What makes the music so interesting is her combination of repetitive ostinato elements both together in groups and with motifs which tend not to repeat. The ostinatos are subjected to development and change and the general dynamic is one of build-up and variation.
All of it has a sort of meditative openness, an organicism, a natural processual sound that shows Ms. Risser's fertile musical-conceptual imagination at work. With the very varied sound possibilities the music can at times feel linear, at other times like a slowly spinning mobile.
On the final segment she produces a sustained drone somehow (it sounds electronic but may well be produced directly on the strings?) and the music builds upon that, eventually creating rhythmical asymmetries overtop. With patience you hear a world unfold which is a very personal one, fascinating to behold.
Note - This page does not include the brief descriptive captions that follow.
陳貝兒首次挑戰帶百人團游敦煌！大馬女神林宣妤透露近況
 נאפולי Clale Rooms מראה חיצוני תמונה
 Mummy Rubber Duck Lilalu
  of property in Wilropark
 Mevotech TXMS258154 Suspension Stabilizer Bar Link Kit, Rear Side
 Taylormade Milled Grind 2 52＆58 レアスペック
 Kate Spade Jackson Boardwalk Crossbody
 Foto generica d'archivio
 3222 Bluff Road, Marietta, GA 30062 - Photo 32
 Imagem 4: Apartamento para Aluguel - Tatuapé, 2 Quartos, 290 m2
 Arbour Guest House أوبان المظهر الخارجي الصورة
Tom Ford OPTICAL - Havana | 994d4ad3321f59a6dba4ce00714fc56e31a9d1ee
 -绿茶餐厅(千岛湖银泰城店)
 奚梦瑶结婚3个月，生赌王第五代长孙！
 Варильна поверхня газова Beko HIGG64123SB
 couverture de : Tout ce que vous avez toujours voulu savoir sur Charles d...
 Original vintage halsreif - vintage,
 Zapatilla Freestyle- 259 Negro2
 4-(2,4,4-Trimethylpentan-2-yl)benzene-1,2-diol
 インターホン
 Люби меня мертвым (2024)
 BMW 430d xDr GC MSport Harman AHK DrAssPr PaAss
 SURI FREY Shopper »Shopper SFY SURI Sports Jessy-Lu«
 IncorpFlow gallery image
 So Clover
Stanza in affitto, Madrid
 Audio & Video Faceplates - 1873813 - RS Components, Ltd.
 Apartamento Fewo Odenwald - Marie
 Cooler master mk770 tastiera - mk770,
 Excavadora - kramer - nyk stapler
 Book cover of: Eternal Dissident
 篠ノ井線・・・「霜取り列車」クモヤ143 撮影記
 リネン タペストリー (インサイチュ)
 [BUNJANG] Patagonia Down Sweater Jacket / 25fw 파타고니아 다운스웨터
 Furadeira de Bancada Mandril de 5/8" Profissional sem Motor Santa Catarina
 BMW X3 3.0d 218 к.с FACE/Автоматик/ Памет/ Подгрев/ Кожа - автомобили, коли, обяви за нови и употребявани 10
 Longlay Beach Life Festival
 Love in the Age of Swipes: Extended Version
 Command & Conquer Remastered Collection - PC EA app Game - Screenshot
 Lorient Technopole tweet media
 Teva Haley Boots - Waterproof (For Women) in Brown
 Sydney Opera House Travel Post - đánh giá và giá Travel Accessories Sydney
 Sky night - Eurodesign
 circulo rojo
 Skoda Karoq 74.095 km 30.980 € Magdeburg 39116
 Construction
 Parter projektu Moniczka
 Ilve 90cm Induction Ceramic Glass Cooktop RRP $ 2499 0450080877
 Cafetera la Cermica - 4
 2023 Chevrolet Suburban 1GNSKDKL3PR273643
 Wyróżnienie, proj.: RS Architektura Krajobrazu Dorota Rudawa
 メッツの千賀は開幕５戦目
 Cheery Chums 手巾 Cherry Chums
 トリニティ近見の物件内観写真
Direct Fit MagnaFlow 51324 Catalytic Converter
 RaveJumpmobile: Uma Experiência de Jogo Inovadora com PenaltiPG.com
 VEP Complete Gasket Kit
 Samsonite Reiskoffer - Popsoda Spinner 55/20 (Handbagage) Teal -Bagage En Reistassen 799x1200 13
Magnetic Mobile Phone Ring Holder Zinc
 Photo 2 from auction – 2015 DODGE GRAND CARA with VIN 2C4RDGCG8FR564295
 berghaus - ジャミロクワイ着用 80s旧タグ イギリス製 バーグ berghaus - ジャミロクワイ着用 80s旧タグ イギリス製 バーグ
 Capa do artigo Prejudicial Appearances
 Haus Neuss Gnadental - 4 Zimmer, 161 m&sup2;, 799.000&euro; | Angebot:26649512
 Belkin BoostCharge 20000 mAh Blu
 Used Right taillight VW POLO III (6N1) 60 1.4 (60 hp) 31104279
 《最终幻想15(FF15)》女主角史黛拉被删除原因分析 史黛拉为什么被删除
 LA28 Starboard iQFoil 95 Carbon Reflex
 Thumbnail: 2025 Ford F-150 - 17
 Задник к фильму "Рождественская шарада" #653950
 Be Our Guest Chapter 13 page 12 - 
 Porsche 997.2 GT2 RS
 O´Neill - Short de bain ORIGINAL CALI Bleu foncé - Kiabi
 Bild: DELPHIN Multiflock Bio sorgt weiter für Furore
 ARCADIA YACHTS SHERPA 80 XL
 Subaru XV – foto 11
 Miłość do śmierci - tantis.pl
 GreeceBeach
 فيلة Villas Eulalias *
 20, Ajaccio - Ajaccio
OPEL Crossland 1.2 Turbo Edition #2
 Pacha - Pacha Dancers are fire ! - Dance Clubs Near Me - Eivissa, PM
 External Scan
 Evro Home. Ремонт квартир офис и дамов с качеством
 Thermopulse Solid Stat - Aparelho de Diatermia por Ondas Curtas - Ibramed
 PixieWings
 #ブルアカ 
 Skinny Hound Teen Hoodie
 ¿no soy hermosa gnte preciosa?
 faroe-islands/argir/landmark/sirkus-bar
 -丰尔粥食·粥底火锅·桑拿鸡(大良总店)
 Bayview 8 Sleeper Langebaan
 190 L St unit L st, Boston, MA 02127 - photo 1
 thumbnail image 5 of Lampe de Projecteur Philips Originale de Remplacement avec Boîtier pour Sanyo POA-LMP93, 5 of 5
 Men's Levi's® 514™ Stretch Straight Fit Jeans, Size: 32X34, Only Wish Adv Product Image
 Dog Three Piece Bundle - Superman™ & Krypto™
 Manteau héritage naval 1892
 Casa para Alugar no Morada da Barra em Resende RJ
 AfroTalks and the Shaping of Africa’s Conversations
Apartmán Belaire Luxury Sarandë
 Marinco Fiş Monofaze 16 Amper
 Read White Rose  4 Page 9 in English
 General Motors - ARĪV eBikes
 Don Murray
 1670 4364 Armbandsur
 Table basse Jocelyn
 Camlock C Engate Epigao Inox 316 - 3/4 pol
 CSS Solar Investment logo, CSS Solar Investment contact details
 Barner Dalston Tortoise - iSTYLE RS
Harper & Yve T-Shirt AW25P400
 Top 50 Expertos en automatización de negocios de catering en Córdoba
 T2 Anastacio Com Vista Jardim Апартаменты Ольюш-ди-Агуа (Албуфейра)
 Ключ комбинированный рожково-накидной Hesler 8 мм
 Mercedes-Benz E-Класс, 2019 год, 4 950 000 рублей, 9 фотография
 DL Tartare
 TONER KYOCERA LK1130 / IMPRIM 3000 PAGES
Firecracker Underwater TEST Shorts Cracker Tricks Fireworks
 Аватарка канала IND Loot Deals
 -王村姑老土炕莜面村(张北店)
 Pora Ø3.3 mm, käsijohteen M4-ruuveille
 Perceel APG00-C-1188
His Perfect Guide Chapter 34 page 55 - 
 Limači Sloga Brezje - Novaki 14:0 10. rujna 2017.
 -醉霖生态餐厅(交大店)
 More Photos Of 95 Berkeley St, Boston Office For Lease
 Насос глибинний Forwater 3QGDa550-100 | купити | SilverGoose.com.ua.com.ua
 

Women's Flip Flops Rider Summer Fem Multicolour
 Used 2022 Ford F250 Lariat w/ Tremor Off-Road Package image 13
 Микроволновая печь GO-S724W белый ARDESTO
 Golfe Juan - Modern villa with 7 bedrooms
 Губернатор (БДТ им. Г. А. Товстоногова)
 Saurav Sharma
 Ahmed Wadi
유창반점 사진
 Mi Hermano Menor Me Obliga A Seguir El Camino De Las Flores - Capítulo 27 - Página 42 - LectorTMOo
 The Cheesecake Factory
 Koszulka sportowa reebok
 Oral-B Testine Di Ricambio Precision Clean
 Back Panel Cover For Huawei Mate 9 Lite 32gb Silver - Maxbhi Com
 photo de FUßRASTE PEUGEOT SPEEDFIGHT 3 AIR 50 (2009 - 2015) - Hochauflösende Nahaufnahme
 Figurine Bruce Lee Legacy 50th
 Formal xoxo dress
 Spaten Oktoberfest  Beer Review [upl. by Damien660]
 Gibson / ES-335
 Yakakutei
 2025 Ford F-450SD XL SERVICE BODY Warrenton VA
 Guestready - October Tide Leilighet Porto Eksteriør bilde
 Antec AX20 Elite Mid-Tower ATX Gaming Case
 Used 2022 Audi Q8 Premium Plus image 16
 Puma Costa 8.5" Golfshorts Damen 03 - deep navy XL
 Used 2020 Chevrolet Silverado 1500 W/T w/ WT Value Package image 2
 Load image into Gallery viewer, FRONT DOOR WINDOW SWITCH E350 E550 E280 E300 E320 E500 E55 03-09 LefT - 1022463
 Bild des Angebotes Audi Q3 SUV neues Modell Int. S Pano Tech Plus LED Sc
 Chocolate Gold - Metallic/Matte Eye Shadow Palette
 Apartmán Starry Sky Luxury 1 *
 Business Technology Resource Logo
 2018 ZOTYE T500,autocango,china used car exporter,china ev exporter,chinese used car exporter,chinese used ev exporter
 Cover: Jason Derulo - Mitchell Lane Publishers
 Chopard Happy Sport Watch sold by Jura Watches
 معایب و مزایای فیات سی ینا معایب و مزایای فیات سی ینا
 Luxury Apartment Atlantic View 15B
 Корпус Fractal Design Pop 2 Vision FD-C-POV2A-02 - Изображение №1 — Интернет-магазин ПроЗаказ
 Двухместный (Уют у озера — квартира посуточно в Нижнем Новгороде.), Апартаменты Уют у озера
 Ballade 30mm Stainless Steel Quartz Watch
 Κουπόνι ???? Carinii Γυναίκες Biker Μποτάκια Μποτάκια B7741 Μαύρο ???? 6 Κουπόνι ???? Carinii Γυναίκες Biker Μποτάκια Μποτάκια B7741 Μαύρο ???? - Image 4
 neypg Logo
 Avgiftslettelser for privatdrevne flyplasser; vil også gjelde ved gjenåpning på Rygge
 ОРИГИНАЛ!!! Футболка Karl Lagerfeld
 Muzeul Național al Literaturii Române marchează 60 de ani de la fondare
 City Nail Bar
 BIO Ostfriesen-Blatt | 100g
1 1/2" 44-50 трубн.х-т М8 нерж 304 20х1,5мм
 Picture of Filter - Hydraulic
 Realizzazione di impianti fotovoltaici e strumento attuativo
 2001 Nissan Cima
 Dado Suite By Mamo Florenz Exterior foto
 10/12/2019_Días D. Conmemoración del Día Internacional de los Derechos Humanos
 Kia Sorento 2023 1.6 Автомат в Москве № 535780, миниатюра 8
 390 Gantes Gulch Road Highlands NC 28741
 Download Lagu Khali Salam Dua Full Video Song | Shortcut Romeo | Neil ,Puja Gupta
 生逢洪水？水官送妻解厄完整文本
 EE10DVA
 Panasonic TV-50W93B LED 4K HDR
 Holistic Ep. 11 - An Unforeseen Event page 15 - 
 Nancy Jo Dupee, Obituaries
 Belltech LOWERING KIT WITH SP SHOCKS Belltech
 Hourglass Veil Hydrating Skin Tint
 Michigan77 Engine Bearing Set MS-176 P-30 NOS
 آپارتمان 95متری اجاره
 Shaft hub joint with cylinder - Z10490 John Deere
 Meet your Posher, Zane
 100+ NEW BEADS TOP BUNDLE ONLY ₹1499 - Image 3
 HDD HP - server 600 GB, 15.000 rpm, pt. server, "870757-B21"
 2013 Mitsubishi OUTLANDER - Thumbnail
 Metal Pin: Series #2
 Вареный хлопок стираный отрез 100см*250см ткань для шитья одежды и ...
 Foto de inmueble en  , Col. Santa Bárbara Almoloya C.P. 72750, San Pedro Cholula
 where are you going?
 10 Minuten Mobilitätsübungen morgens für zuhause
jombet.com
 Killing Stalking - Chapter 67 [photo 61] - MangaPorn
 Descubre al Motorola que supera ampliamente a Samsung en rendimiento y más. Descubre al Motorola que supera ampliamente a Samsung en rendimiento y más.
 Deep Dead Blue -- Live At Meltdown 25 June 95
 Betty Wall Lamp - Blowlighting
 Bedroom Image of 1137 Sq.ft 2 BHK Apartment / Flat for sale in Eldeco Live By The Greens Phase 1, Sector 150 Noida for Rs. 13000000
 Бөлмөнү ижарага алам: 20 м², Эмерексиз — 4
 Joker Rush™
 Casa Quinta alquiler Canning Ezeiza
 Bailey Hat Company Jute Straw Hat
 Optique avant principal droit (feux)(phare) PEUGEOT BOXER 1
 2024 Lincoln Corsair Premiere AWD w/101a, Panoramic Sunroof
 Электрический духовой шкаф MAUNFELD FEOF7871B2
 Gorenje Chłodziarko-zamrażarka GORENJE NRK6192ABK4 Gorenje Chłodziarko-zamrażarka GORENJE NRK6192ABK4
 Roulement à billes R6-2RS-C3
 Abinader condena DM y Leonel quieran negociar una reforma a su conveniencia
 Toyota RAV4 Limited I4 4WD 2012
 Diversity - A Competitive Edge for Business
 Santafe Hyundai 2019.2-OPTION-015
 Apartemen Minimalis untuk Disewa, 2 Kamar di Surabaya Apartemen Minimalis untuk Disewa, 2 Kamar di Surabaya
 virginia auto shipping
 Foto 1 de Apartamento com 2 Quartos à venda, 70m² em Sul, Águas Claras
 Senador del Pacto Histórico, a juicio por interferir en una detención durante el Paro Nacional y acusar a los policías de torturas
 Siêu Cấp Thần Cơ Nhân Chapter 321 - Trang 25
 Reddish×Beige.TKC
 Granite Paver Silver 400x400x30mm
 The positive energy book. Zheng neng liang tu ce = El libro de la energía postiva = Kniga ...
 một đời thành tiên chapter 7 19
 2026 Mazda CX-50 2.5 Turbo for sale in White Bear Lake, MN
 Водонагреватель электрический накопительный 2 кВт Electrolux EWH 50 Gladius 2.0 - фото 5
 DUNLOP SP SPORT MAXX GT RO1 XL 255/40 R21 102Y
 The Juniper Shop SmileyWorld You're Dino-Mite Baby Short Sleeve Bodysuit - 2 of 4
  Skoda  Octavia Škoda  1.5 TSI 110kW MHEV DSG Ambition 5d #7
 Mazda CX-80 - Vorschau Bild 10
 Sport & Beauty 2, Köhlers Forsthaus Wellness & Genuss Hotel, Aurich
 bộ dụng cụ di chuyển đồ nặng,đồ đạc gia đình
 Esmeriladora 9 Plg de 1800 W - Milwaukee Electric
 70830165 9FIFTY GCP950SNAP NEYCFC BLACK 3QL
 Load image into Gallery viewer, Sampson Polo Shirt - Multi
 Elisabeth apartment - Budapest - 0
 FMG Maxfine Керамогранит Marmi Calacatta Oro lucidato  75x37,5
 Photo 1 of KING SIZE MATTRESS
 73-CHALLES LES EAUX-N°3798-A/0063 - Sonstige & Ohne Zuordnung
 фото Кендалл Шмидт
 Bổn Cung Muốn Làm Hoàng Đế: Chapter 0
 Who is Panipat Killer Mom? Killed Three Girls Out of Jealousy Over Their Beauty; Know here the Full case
There is a hypnotic quality to the music that has perhaps a more subtle fragility than minimalism per se and an open processual variability which reminds a bit of the radical tonality of some of the composers on the Cold Blue label (see my Gapplegate Classical-Modern Music blog for more on that). Yet there is an improvisational spontaneity, too.
This is not your typical avant album. It thrives in the interstices between improvisational and new music realms in a solo piano tour de force that takes close listening to appreciate. If you expend some time and effort the music opens up to you.
Eve Risser has something to say. Hear her by all means.